## Exercise requirements:
The lines below that include the word "Vintage" are to be reported.

[[ Source data, beginning ]]

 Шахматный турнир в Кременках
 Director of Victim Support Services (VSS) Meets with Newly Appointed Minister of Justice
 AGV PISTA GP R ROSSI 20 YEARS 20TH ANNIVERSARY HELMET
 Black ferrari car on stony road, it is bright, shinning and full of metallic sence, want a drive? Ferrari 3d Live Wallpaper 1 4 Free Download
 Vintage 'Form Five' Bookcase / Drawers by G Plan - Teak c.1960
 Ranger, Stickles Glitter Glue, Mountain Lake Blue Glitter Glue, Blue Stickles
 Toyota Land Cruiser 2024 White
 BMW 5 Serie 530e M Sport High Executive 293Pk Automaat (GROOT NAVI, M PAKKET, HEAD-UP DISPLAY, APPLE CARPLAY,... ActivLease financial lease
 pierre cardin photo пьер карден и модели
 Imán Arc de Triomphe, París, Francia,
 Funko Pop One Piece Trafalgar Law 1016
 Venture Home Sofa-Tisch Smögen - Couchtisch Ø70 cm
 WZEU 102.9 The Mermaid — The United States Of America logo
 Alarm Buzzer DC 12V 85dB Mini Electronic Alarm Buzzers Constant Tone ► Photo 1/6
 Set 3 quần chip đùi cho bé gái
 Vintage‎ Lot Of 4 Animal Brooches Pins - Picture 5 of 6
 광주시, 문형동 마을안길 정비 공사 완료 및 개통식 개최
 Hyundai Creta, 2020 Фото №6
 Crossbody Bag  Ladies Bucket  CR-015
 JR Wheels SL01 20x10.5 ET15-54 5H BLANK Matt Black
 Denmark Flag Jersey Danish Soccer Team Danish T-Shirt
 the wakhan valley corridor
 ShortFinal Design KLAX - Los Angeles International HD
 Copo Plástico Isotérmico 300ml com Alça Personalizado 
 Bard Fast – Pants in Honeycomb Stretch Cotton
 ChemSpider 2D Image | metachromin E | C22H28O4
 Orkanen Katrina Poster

[[ Source data, end ]]

## Task solution:
 Vintage 'Form Five' Bookcase / Drawers by G Plan - Teak c.1960
 Vintage‎ Lot Of 4 Animal Brooches Pins - Picture 5 of 6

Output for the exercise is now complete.